The thing about being a part of a pediatric cardiology unit as a patient is that often, an important but not obvious fact can slip away. Here are six such facts that many might not have told you.

Every Congenital Heart Defect Is Different

You see, there are over forty known kinds of CHD in babies that carry a one-of-a-kind nature. It is very rare for two patients to have the same kinds of symptoms or treatments. There is always something that makes your condition at one point in time, unique.

The most common structural defect in a CHD case is called pulmonary valve atresia and stenosis, closely followed by tetralogy of Fallot.

More Adults Than Kids Live With Pediatric Cardiology Conditions

You might have had symptoms and a diagnosis the second you took your first couple of breaths. The symptoms might not have shown up until you were a kid, a teenager, an adult even. So, there is a fair possibility that diagnosis happened later in life for you.

Also, thanks to the modern advancements of medicine, the lifespan of any congenital heart disease affected person have increased as well. 

Pediatric Cardiac Surgery Is Not A Cure

It’s treatment. You’ll need follow-up, possibly for the rest of your life. There is no fix. When one thing gets settled, another pops up. The trick is to be aware, to have the knowledge to understand your CHD.

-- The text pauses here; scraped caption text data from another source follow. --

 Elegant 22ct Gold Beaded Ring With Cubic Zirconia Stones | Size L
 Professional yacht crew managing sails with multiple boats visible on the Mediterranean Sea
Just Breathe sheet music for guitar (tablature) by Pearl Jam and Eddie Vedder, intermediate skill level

It is up to you to make sure that every sign you body gives away, you catch and follow it to the conclusions.

An Adult Heart with a CHD Needs More Physical Activity

For a kid with a heart condition, lots of movement is feared. Only because it might cause the heart more trouble than necessary and that is never good. However, it isn’t correct or generalised.

Most people who were born with a CHD don’t need to limit their physical activity graph. Those who do still need certain exercises to help strengthen the heart muscles.

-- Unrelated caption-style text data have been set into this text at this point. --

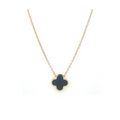 9ct Yellow Gold  Onyx Four Leaf Clover Necklace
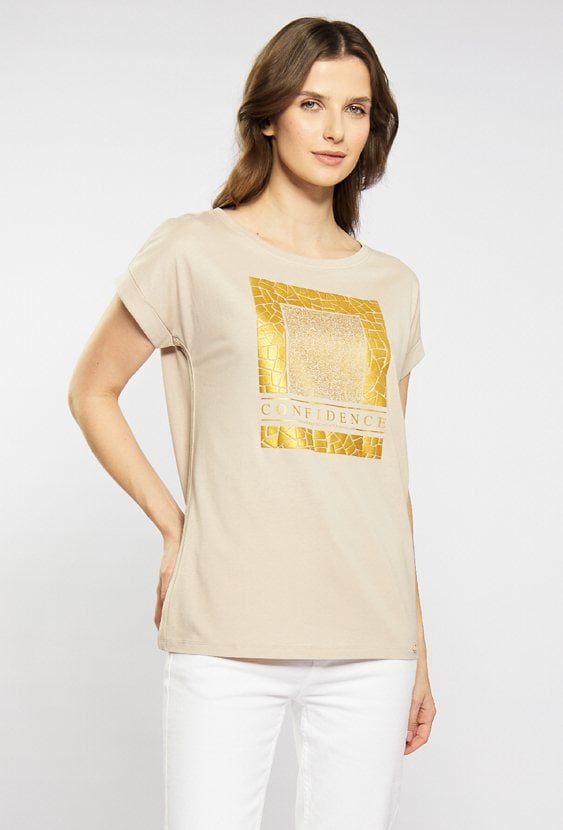 T-shirt damski z wzorzystym panelem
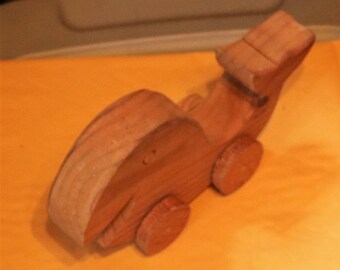 Vintage New Wooden Whale Pull Behind Toy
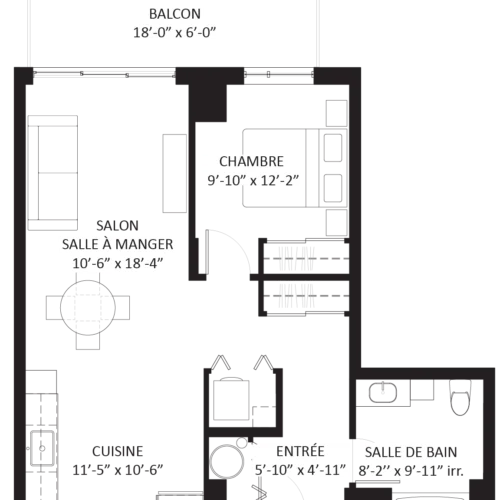 Plan 3 1/2 - Unité C3 - Appartement 1 chambre à louer Montréal-Nord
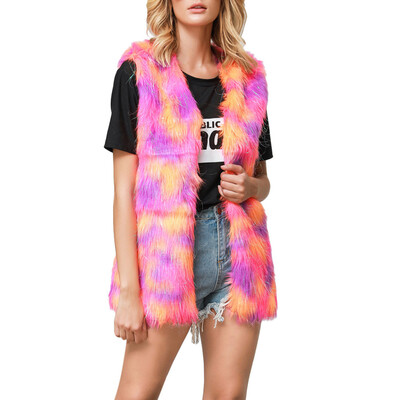 

Toponeto Women Boho Faux Fur Outerwear Cardigan Sleeveless Button Pocket Vest Coat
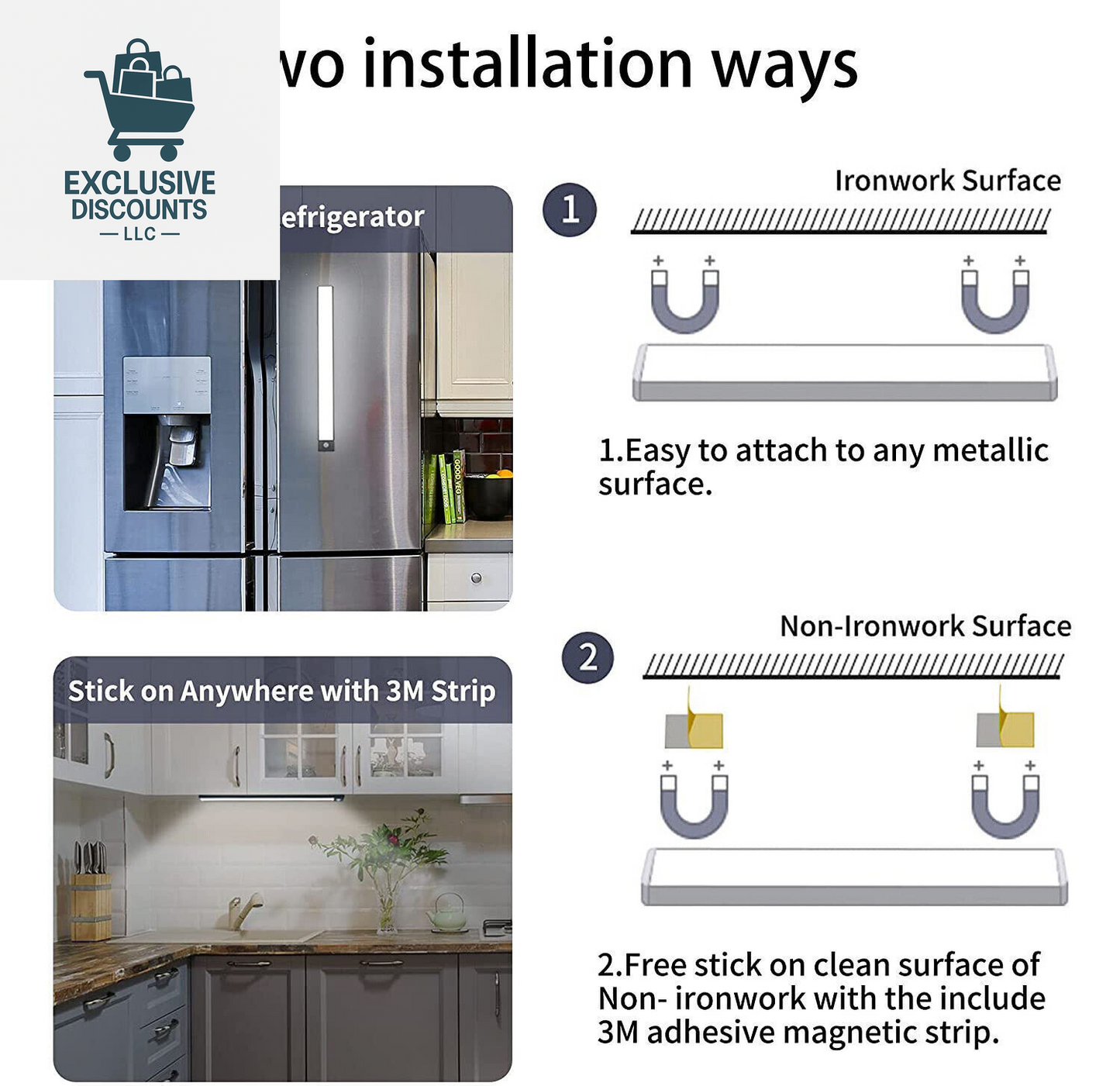 Revolutionize Your Kitchen with the LED Motion Sensor Under-Cabinet Light Strip - USB Rechargeable and Smart!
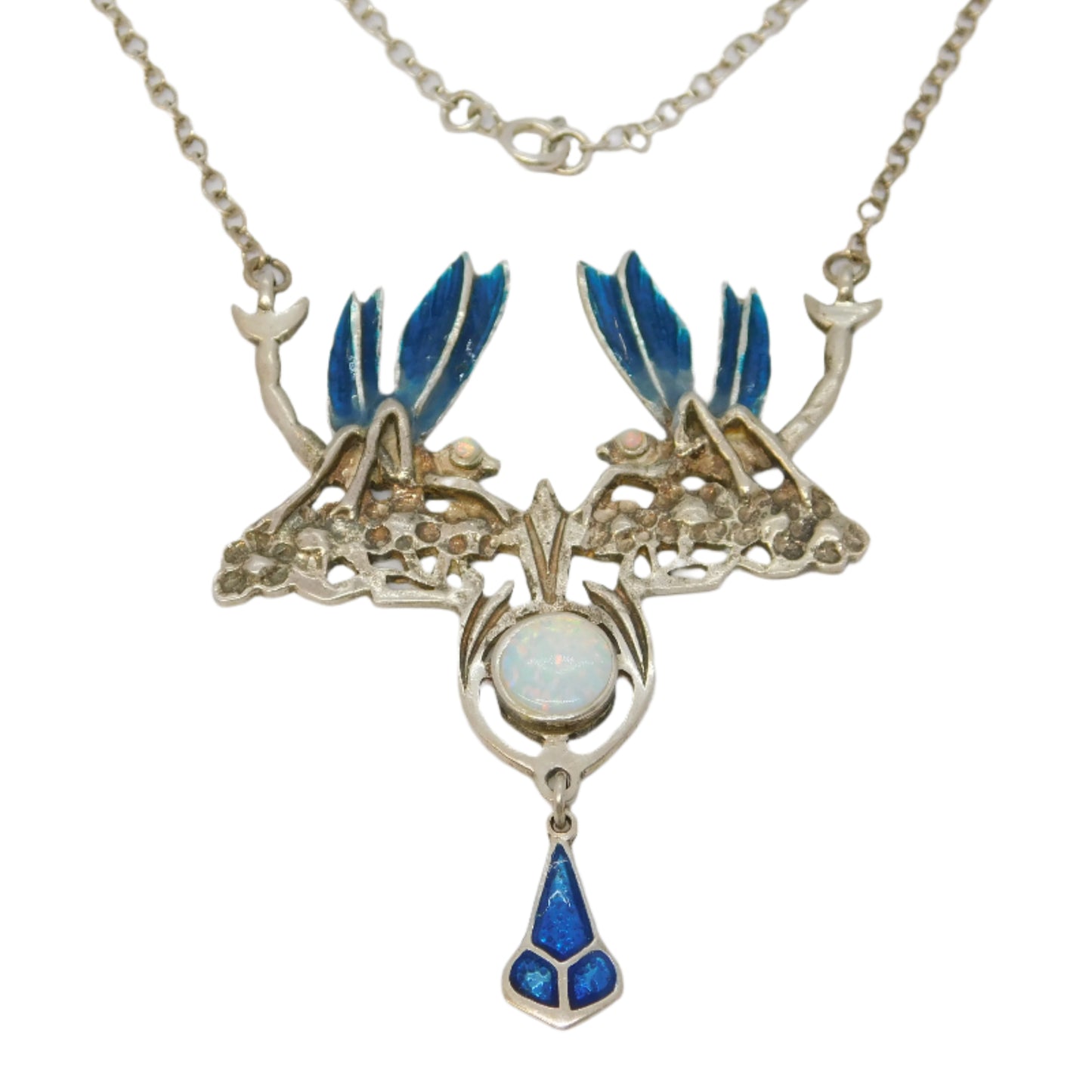 Sterling Silver, Guilloche Enamel & Opal Dragonfly Drop Pendant Necklace Vintage c1970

Also, as you grow from a baby with a congenital heart condition into an adult with a treated but prevalent CHD, exercises become a crucial part of every day.

Having A Congenital Heart Defect Doesn’t Mean You Won’t Get Anything Else

With age, things that happen to older people will happen to you as well. A CHD doesn’t exempt you from other diseases out there, and this can be both surprising and annoying for people.

Even though you practically have to fight with circumstances to wake up every morning, you are just as vulnerable to cancer, or arthritis as anybody else.

It sure isn’t fair, but it is what it is.

A Cardiologist Isn’t Good Enough for You

Unless they’ve had extensive training in congenital heart diseases, they sure aren’t. A CHD-affected heart looks different in imaging tests. The differences can be subtle, the defects well hidden behind the shallow curtains of conventional structures.

It takes a specialist in the matter to understand just what is funky in an imaging result from the perspective of a congenital heart disease. From a pediatric cardiology to an adult one, a general ‘heart doctor’ won’t do.